Are You Building Microservices or Distributed Monoliths?

Splitting a system into services does not automatically create independence. Many estates labeled microservices are really distributed monoliths with network latency added on top.

Are You Building Microservices or Distributed Monoliths?

Service count is not architectural maturity

Microservices are appealing because they promise modularity, autonomy, and scale. But many organisations adopt the external shape of microservices without changing the underlying coupling model.

The result is a distributed monolith: many deployables, many APIs, and many operational headaches, all still dependent on each other to function.

This architecture usually delivers the disadvantages of distribution before it earns the benefits of independence.

The warning signs are easy to miss

A system may be labeled microservices while still behaving like one tightly coupled application if:

  • releases must be coordinated across several services
  • one user journey requires too many synchronous hops
  • shared databases still drive hidden coupling
  • domain boundaries are unclear or politically defined
  • local changes trigger broad regression anxiety

In that environment, the network becomes a tax on an architecture that has not actually decomposed.

Independence is the real test

The core question is simple: can a team change, deploy, and operate its service with limited need for synchronised change elsewhere?

If the answer is usually no, then the architecture may be distributed but it is not meaningfully autonomous.

That does not mean microservices are wrong. It means decomposition has to be grounded in domain and operational design, not just code splitting.

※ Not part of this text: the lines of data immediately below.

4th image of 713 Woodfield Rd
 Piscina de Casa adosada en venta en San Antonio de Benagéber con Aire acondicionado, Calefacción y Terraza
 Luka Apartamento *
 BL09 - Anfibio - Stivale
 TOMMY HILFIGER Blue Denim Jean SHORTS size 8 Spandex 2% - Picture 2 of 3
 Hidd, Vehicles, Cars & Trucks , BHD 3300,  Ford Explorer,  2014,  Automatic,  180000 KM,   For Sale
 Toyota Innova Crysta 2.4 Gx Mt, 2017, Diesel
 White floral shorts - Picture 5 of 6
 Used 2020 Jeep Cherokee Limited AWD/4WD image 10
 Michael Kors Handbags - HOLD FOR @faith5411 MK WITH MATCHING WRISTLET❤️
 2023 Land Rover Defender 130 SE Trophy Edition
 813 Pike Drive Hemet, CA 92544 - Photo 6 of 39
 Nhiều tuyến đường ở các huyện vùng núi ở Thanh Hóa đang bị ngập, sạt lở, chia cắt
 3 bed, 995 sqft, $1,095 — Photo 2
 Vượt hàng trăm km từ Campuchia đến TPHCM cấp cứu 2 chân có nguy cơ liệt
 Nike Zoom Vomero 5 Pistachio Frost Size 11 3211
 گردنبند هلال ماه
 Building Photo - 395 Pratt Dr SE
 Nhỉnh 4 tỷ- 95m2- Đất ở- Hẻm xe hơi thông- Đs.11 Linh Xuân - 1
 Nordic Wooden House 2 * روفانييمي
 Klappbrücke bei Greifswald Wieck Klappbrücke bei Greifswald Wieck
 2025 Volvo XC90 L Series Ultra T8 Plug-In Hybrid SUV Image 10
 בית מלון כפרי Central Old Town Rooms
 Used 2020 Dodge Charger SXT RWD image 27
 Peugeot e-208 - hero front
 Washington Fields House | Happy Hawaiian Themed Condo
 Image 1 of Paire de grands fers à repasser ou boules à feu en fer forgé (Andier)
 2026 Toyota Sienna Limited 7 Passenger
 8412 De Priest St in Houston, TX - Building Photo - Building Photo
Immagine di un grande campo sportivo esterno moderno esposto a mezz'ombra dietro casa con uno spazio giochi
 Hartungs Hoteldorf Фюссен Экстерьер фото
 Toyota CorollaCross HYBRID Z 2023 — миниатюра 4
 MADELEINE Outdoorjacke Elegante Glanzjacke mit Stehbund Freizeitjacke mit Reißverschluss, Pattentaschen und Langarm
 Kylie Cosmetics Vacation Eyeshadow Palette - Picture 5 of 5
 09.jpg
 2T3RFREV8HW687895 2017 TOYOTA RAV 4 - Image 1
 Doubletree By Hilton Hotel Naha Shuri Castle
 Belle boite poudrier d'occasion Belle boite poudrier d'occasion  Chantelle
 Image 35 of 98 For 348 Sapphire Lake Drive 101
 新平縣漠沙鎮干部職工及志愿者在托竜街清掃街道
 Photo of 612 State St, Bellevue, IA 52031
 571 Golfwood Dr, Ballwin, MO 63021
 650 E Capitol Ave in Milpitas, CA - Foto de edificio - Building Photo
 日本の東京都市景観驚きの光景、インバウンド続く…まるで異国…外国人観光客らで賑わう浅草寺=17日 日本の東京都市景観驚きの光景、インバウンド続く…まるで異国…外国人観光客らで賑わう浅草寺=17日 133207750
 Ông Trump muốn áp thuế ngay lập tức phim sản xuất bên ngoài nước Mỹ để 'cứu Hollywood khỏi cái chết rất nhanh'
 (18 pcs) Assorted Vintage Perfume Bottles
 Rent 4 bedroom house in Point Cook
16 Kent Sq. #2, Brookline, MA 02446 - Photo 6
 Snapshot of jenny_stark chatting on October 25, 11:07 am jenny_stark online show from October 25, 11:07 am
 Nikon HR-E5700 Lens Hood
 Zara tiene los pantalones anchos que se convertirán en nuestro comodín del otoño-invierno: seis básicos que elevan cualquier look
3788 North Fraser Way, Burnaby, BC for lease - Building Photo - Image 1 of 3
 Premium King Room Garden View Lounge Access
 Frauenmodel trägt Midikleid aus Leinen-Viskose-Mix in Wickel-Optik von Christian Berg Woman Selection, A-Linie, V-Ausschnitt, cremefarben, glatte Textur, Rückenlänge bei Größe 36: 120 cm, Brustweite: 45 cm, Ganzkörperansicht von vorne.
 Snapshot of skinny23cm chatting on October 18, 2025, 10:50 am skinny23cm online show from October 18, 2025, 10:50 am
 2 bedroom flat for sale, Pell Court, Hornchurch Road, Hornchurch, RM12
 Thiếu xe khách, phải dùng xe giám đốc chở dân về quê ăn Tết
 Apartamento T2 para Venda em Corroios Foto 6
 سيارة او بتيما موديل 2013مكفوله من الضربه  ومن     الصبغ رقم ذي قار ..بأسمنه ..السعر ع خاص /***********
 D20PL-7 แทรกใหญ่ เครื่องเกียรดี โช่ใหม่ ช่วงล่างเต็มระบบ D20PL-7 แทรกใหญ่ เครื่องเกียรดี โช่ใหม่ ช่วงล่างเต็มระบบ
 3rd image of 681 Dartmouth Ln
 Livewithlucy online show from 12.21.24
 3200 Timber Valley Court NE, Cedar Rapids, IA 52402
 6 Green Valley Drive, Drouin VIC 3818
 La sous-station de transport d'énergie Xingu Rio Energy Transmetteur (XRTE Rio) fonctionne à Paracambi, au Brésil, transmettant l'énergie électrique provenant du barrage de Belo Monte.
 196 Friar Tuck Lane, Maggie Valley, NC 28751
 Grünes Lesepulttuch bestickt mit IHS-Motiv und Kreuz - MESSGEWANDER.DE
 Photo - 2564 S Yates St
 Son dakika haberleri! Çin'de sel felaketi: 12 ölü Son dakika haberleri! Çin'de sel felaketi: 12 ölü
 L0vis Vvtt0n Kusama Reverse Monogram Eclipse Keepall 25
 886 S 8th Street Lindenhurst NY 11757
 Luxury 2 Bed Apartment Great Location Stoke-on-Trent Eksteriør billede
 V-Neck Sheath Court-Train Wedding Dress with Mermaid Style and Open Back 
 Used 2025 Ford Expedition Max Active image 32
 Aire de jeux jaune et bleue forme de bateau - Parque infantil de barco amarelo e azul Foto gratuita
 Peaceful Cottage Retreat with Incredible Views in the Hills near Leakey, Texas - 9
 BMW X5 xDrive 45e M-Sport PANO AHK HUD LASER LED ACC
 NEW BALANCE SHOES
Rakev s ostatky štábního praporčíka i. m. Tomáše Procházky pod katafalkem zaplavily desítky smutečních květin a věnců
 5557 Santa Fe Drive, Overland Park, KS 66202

What healthy service boundaries look like

Stronger service architectures tend to share a few characteristics:

  1. clear domain ownership
  2. minimal synchronous dependency chains
  3. explicit data contracts between boundaries
  4. independent deployment and rollback paths
  5. observability that reflects user journeys across services

Without those foundations, service proliferation often creates complexity faster than value.

Sometimes the better answer is a modular monolith

This is the part many teams resist. A well-structured modular monolith can be a more mature architecture than a poorly decomposed service estate.

If the domain is still evolving, team boundaries are unstable, or operational maturity is limited, a modular monolith often provides better coherence and lower cost while preserving a path to future decomposition.

Architecture should match organisational readiness

Microservices succeed when technical boundaries, team design, delivery discipline, and platform maturity reinforce each other.

When those conditions are absent, service sprawl becomes an expensive illusion of progress. The goal is not to have more services. The goal is to create more independence where independence is actually useful.